BS-TBS「SONG TO SOUL」、年末に「We Are The World」を取り上げたので、ボブ・ディランがちらりとでも出るかもしれないと期待して観ました。
アフリカの飢餓を救おうとミュージシャンが立ち上がるのは、イギリスの「Do They Know It's Christmas」(1984年)がオリジナル。
翌年の1985年、アメリカでも何かやるべきだと考えたのがハリー・ベラフォンテ。プロデューサーのケン・クレイガンに電話したのがすべての始まりです。
当初、ベラフォンテはコンサートを考えていたのですがクレイガンは「ボブ・ゲドルフが道を示してくれたじゃないか」と、複数のミュージシャンによるレコーディングを提案しました。
時あたかもクリスマス直前。セレブたちが高額なプレゼントを探すタイミングです。
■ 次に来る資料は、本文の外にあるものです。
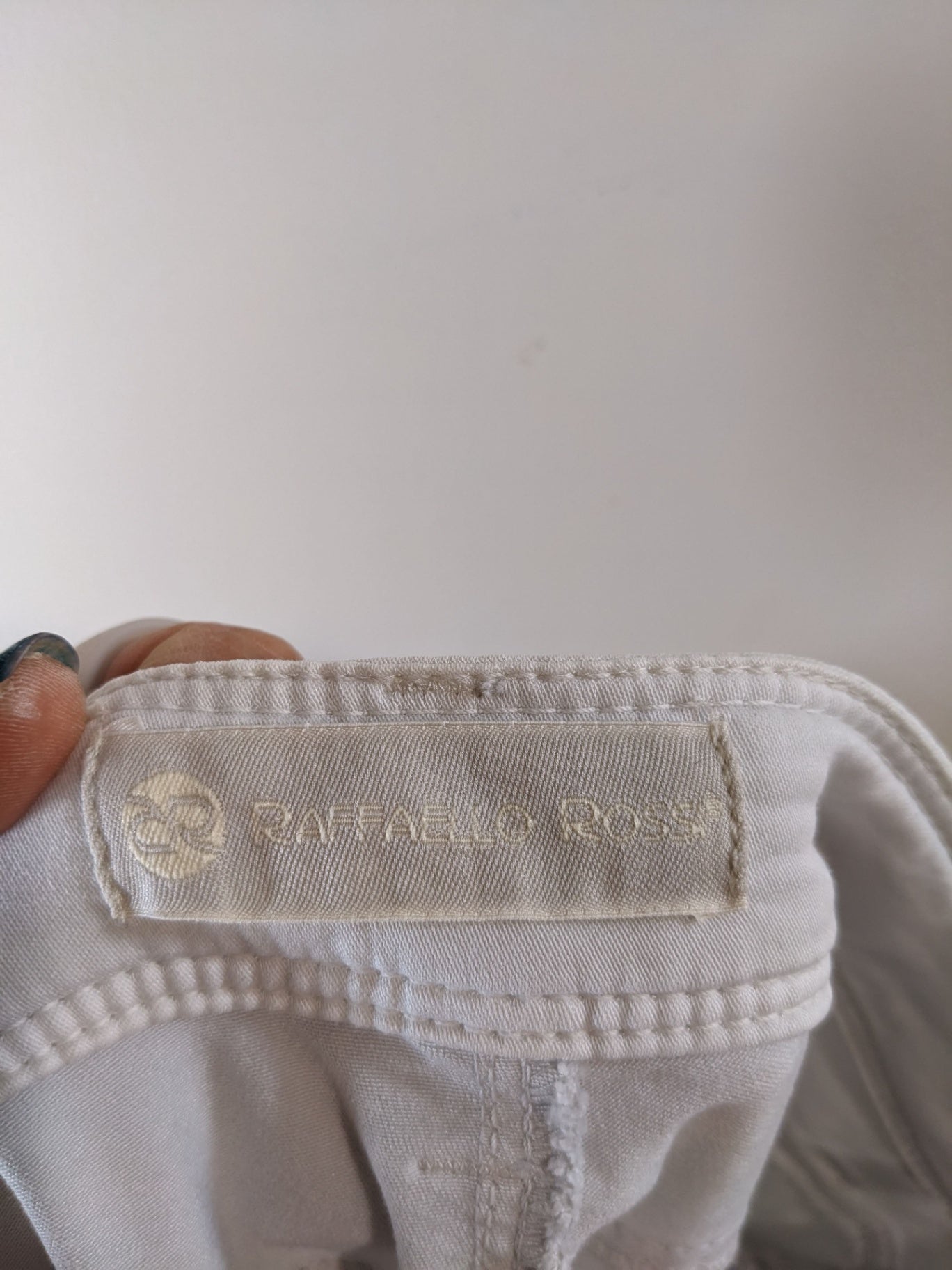 Raffaello Rossi White Pants- sz 28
宝石店でスティービー・ワンダーがライオネル・リッチーの前妻であるブレンダとばったり会うといった偶然もあり、話は一気に広がっていきます。
クインシー・ジョーンズまで話が伝わり、マイケル・ジャクソン、ダイアナ・ロスの参加も決まります。
1月28日ならアメリカン・ミュージック・アワードがあるから、一気にミュージシャンが集められます。
それぞれのミュージシャンの背後には巨大な利権があり、一緒にレコーディングとなると、弁護士を立てて膨大な契約書を作成するところでしょうが、飢餓救済という大義名分の下、1ヶ月で実現したわけです。
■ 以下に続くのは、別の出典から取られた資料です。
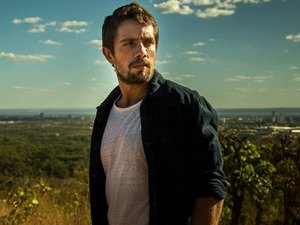 Galã da Globo curte post de Flávio Bolsonaro contra a emissora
権利上の問題より大きかったのが、それぞれのミュージシャンのエゴの問題でしょう。
サビを歌うのはマイケル・ジャクソンとダイアナ・ロスということで納得しても、当初の計画の2倍以上の45人が集結したので、ソロを歌わずコーラスだけで終わる歌手も出てきます。
クインシー・ジョーンズが参加者へあてたメモの一節。
Checking your ego at the door.
(ドアの外に自分のエゴを置いてくるように)
checkはレストランでコート、空港で荷物をあずける時に使う言葉。エゴを完全になくすことはできないけれど、この録音スタジオだけではエゴを手放してほしいという意味です。
そして、この一節を最も忠実に実行したのがボブ・ディランです。
1962年にデビューですから、1985年当時でも大御所の域に達しているはずなのに、レコーディング形態に慣れていなかったのか、自分の声で歌えなくなったのです。
もっとも、ディランは歌い方も声の質も変えることがあり、意識してやったのかもしれません。でも、ライオネル・リッチーとクインシー・ジョーンズは「まったくディランの声じゃない」と、ディランのパートをピアノで弾いて歌唱指導をしたというのです。
ディランは怒るどころか「ああ、なるほど」と、素直に指導に従って歌ったそうです。
すばらしい。さすがディラン先生。
ディラン先生のブートレッグ・シリーズの最新版「ザ・カッティング・エッジ1965-1966」。
2枚組と6枚組で迷いましたが、6枚組を購入。ディスク3は、Like a Rolling Stoneの15テイクと4トラックで、まるまる転がる石という過激な構成。同じ楽曲を何回も聞かせるという拷問があるそうですが、このCDの場合はテイクごとに微妙に違うので聞き分けるのが楽しくなります。
4月にはディラン先生の東京公演もあります。
かつては、「ライブハウスでやりたい」というディラン先生の希望で、まったくステージが見えない苦行のような年もありましたが、今回は「劇場でやりたい」とのことで、渋谷のオーチャードホールになり、ほっとしています。